Da oggetto misterioso a muro. L’anno di Lloyd Kelly alla Juventus, banalmente, si potrebbe anche sintetizzare così. L’inglese era arrivato a Torino a gennaio 2025 in una Juve senza certezze e con Motta che iniziava a non sentirsi più saldo sulla panchina bianconera. Il malumore giustificato dei tifosi, forse, ha anche influito sul suo rendimento perché si sa, la componente psicologica vale praticamente quanto quella tecnica. Inoltre non ha certo aiutato il fatto che Lloyd venne preso in extremis per sostituire il partente Danilo (in un momento in cui l'ex Huijsen stava incantando la Premier League) e che nella storia del mercato invernale della Serie A il suo acquisto é stato il più costoso di sempre per quanto riguarda i difensori.

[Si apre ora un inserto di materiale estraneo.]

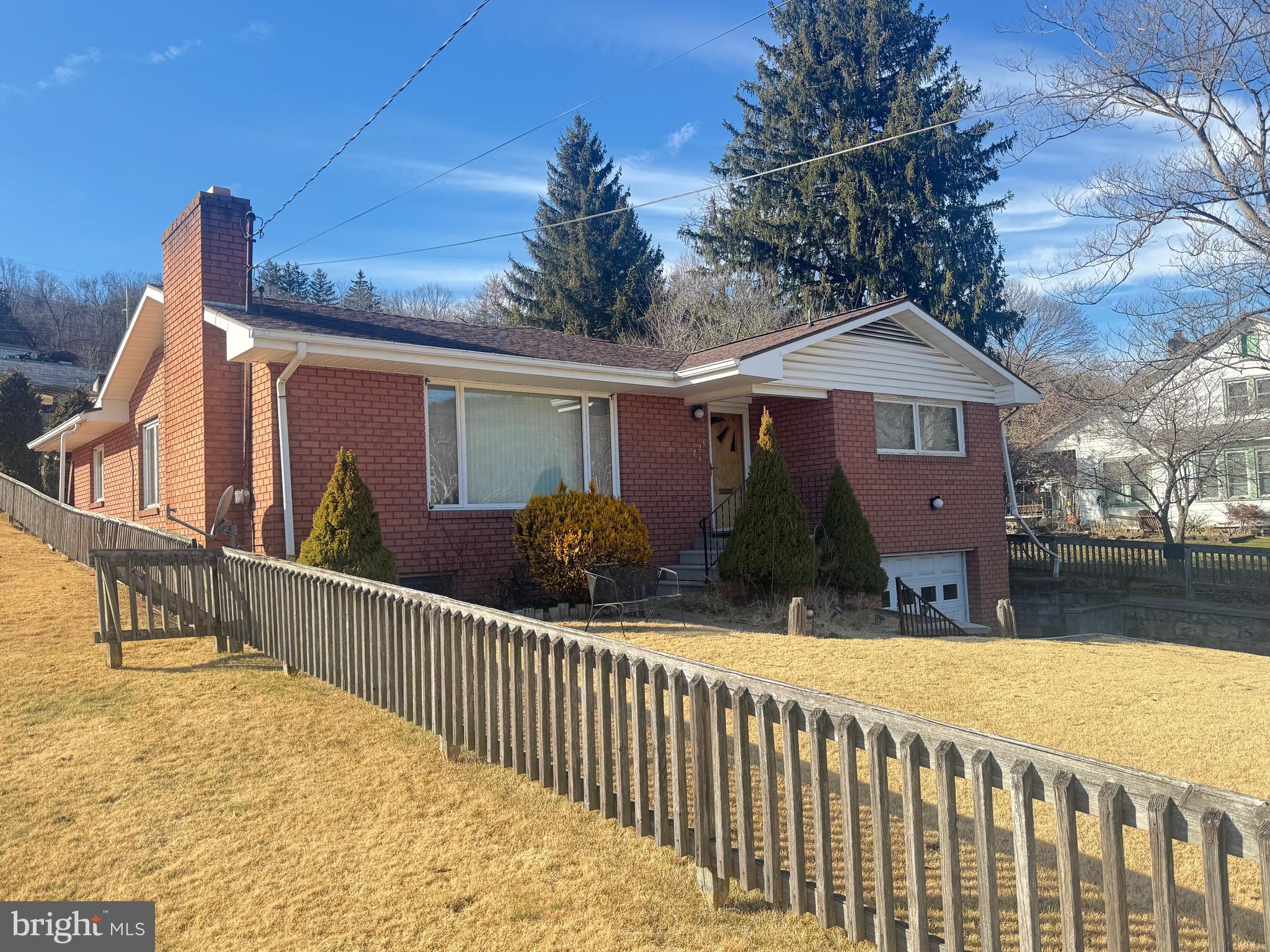 MAINTENANCE-FREE TOTAL BRICK RAISED RANCHER HOME.  EXTERIOR OFFERS 35 YEAR ARCHITECHUAL SHINGLE ROOF, SMALL 4’ X 4’ COVERED PORCH/STOOP, CONCRETE WALKWAY, STEPS OFF WALKWAY LEADING TO UNDER HOUSE GARAGE WITH 1½-CAR METAL GARAGE DOOR, PAVED DRIVEWAY, STONE WALL, METAL FACIA, VINYL SOFFITT GABLES, BARN STYLE OUT-BUILDING AND LARGE FENCED FRONT AND REAR BACK YARDS (ZOIZAH GRASS).    INTERIOR INCLUDES LIVING ROOM W STONE/BRICK FIREPLACE & CARPETING.  DINING ROOM W NEW LIGHT AND CARPETING, KITCHEN WITH STAINLESS STEEL APPLIANCES, MASTER BEDROOM WITH (2) CLOSETS, GUEST BEDROOM W 6’ X 7’ WALK-IN CLOSETS, FLORIDA/SUN ROOM W HOT TUB! SKYLIGHTS, GLASS FRENCH DOOR AND CERAMIC TILE FLOOR. LOWER FLOORS CONTAINS LARGE FAMILY ROOM, UTILITY ROOM AND LAUNDRY ROOM W WASHER & DRYER INCLUDED.  OTHER AMENITIES:  CEILING FAN/LIGHT, NEWER WOOD CASEMENT DOUBLE-PANE WINDOWS (TILT-OUT), (2) LOTS = OVER 1/3 ACRE.  PROPERTY SOLD IN “AS IS” CONDITION.  CALL TODAY FOR VIEWING….YOU WON’T REGRET!!!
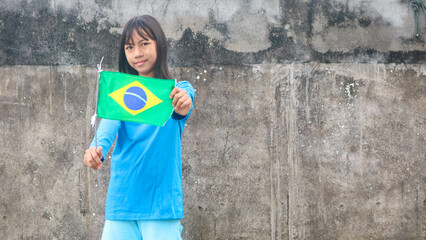 a little girl with the brazil flag
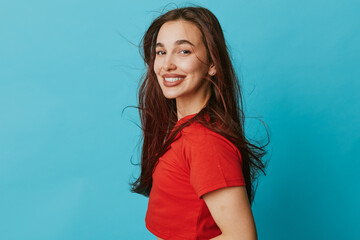 Young woman smiling and posing in red t shirt with long hair against blue background for portrait...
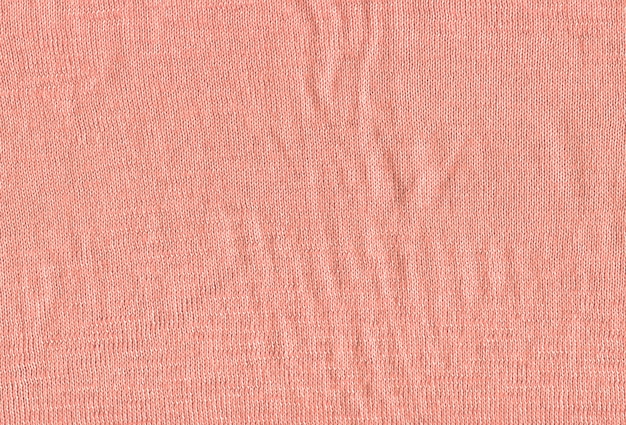 Textuur van een gebreide roze trui behang. Textiel roze materiaal met rieten patroon.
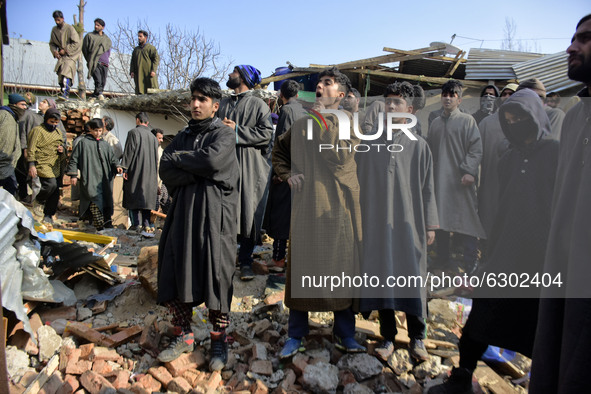 Kashmiri people stand on the debris of a damaged residential house in Kanigam Village of Shopian district, South of Srinagar, Indian Adminis...
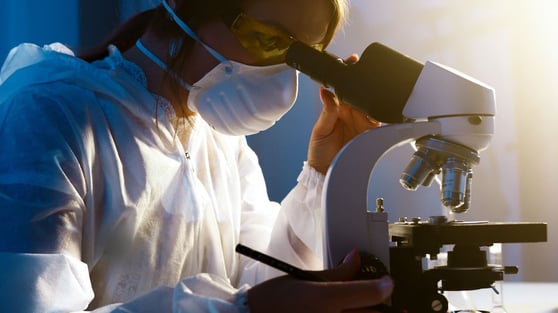Person wearing labcoat and mask looking into a microscope.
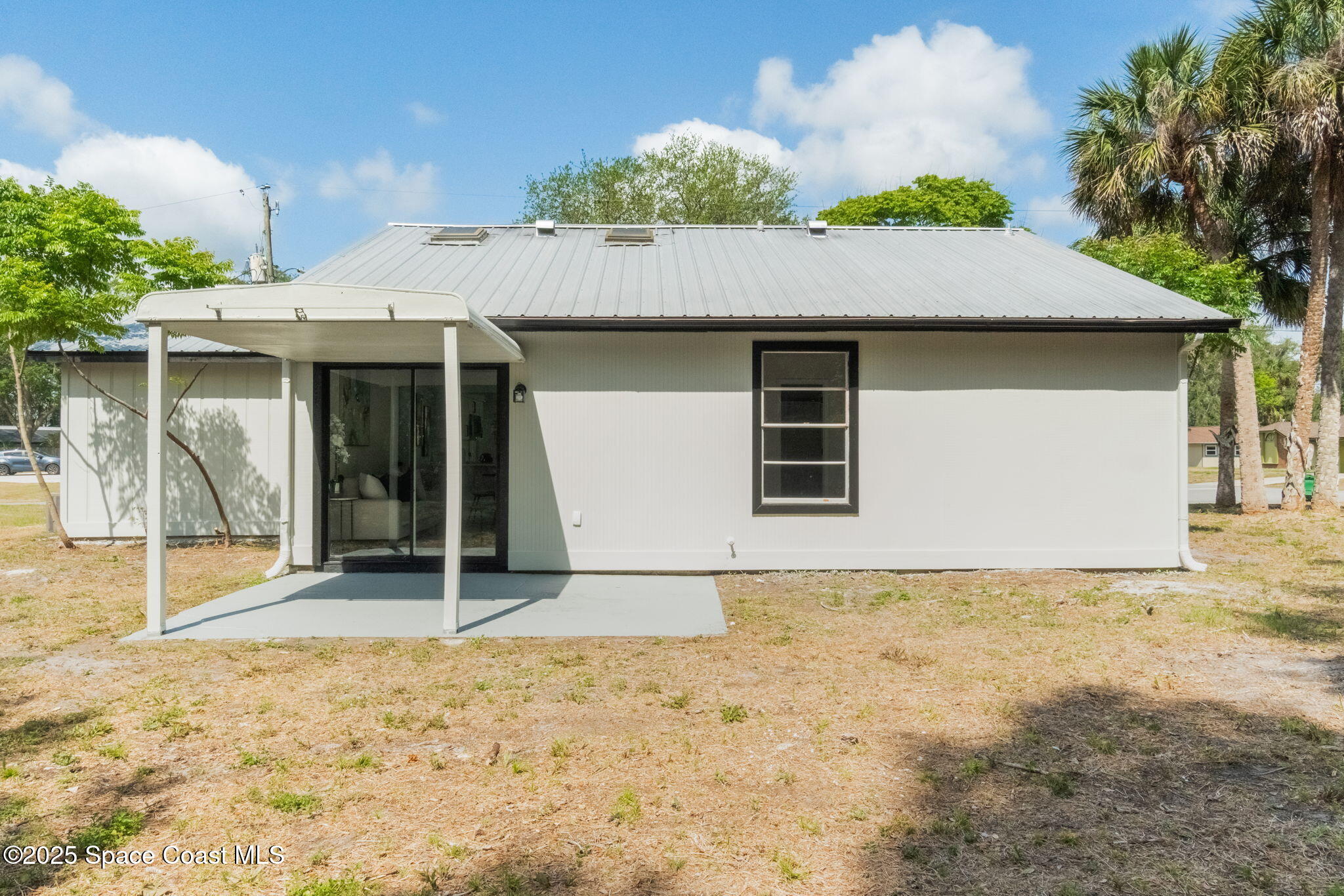 7115 Camilo Road Cocoa, FL 32927 - Photo 22 of 25 a house with a outdoor space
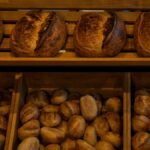 Rich selection of freshly baked artisan bread in a Berlin bakery shop.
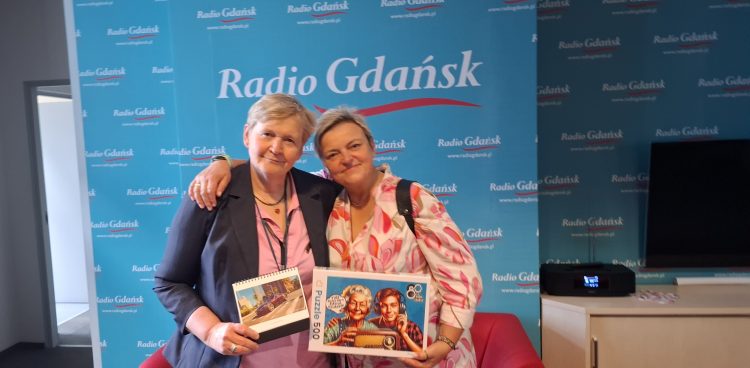 Dwie uśmiechnięte kobiety w średnim wieku stoją obok siebie, obejmując się ramionami, przed ścianą z logo „Radio Gdańsk”. Kobieta po lewej to redaktor Anna Rębas - ma krótkie, jasne włosy, ubrana jest w marynarkę w ciemnym kolorze, jasną koszulę i naszyjnik. W lewej ręce trzyma kalendarz z obrazkiem. Kobieta po prawej to dr Dagmara Wiewiórkowska-Garczewska - również ma krótkie jasne włosy, ubrana jest w kolorową bluzkę z wzorami. W prawej ręce trzyma pudełko z puzzlami, na którym widnieje miniatura muralu na 80-lecie radia Gdańsk (postaci starszej kobiety i chłopaka, być może wnuka, którzy słuchają radia). Obie kobiety wydają się być w dobrym nastroju. Tło stanowi niebieska ściana z powtarzającym się logo „Radio Gdańsk” w białym kolorze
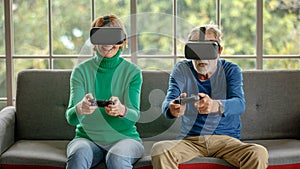 Senior gamers playing VR videogame together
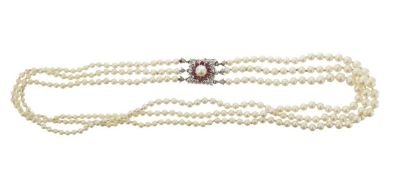 A three row graduated pearl necklace with ruby clasp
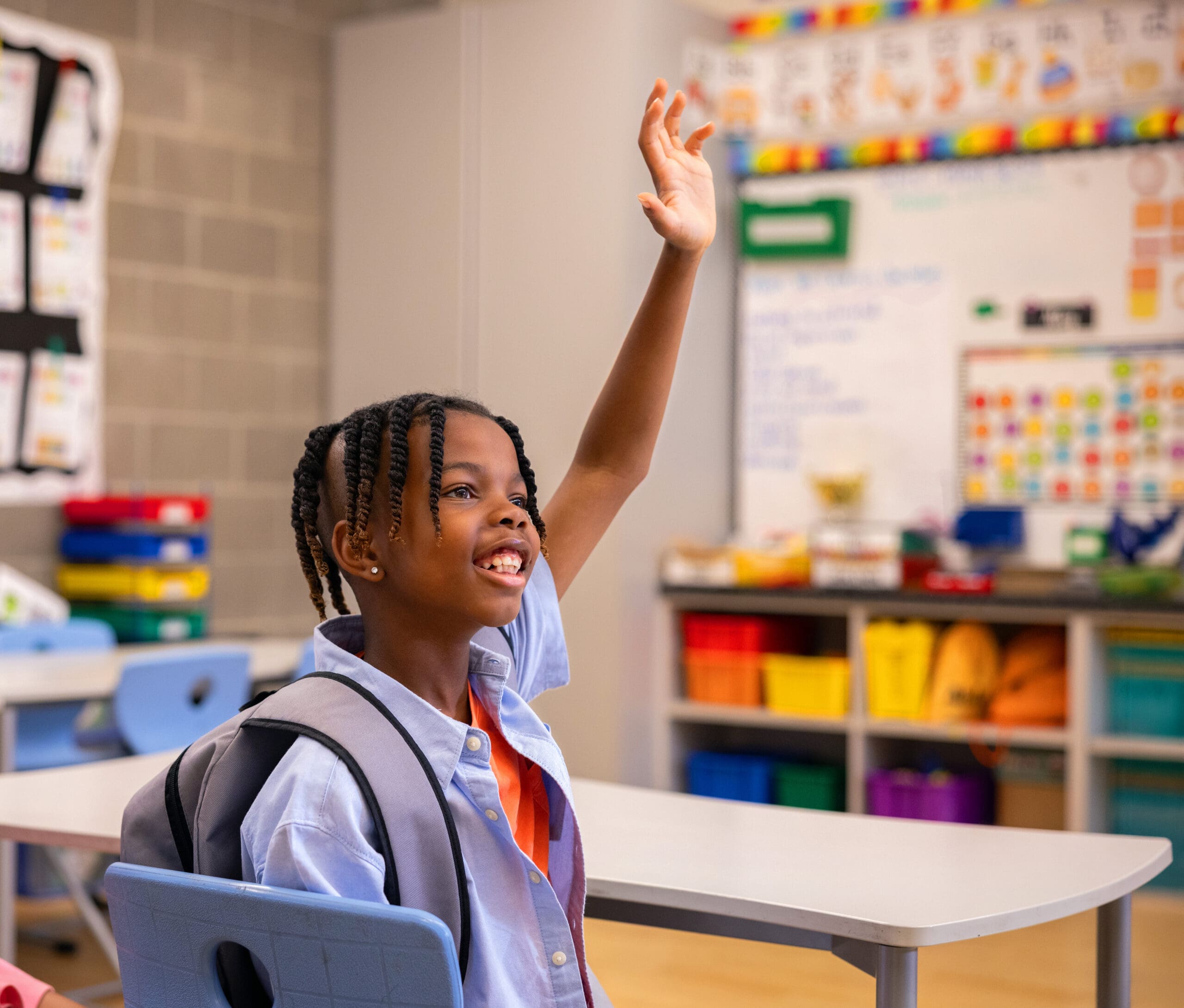 A smiling girl with braided hair raises her hand in a classroom, wearing a blue shirt and gray backpack.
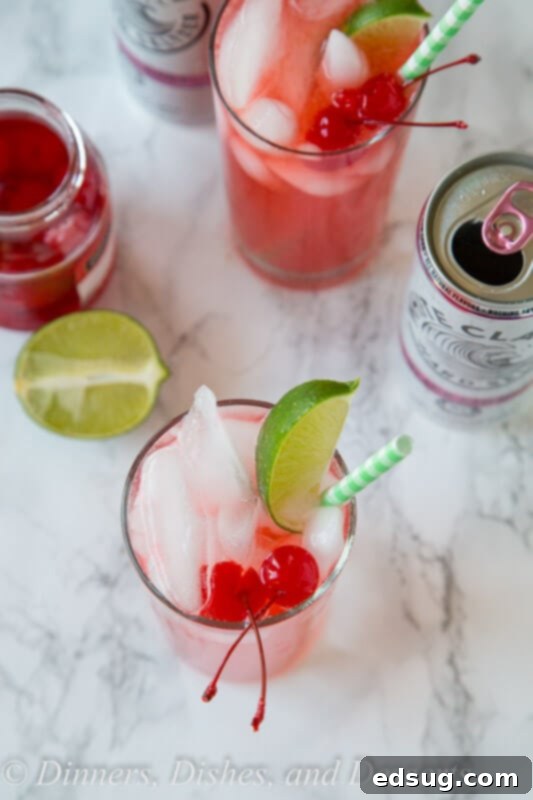 close up of black cherry limeade cocktail garnished with a lime wedge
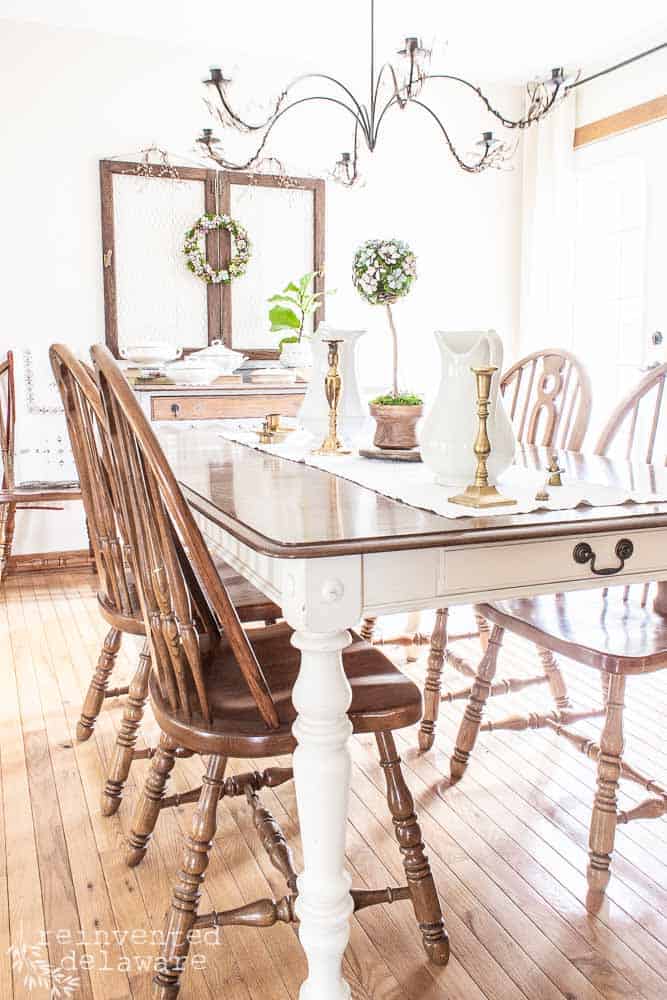 Full view of dining room showing ironstone dishes and other spring home decor.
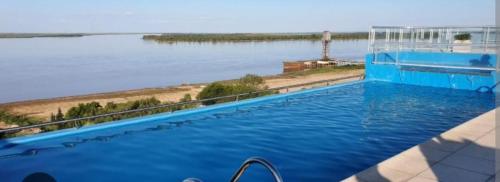 a swimming pool with a view of the water at Monoambiente frente al río en Ramallo in Ramallo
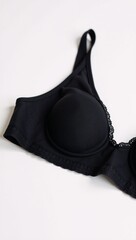 A black bra is presented against a pristine white background isolated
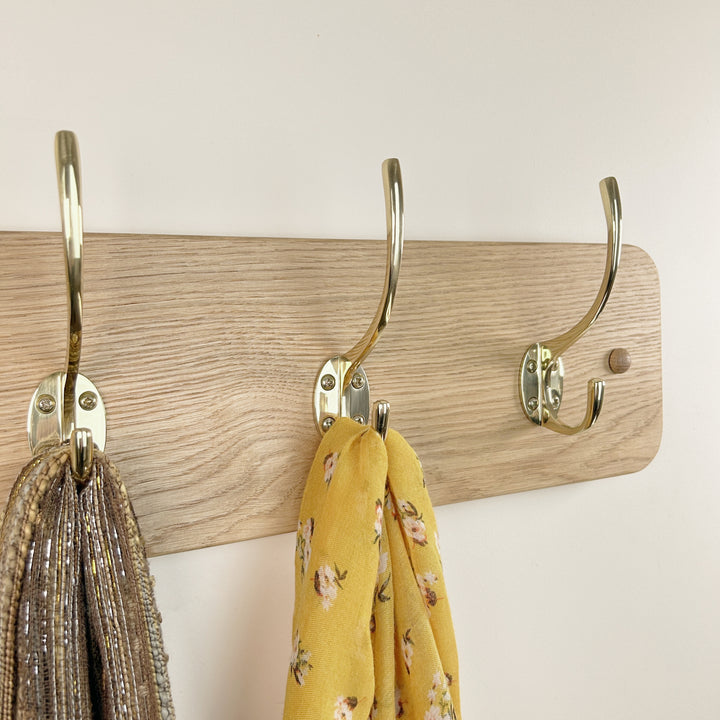 Curved solid oak coat rack - polished brass hooks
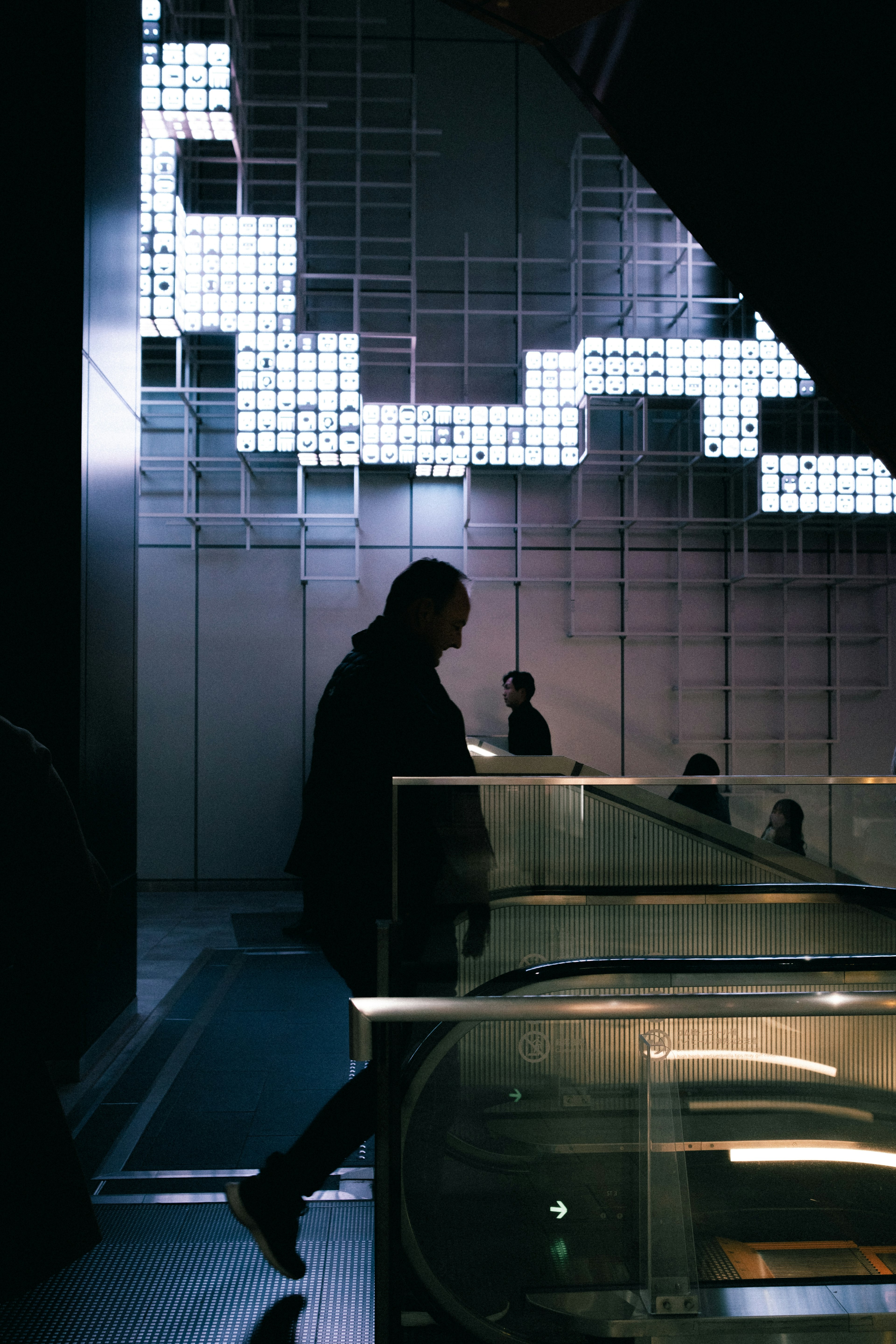 Silhouette d'une personne descendant des escaliers dans un espace moderne avec un mur géométrique lumineux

A questo aggiungiamo anche il numero di maglia, il 6, che alla Vecchia Signora pesa e pure tanto.
Kelly, i primi mesi
Va detto chiaramente: i primi mesi di Kelly alla Juve non sono stati affatto all’altezza della situazione. A Thiago Motta, tra gli innumerevoli errori compiuti alla guida della Vecchia Signora, a questo punto va aggiunto anche quello di non aver mai capito veramente quando e come doveva giocare Lloyd. Subito un errore decisivo contro il Psv, poi arriva Tudor e qualcosa inizia a intravedersi nonostante la pessima prestazione a Parma che rischiava di buttare via la Juve dal quarto posto. La difesa a tre lo aiuta e all'inizio della nuova stagione sembra un altro, riscoprendosi anche goleador. Il gol all’Inter e soprattutto quello al Borussia Dortmund in quel clamoroso 4-4 di Champions gli fanno guadagnare ancora di più le simpatie del tifo. Poi la Juve si inceppa e non vince più. Tudor viene esonerato, arriva Spalletti e la musica cambia quasi per tutti.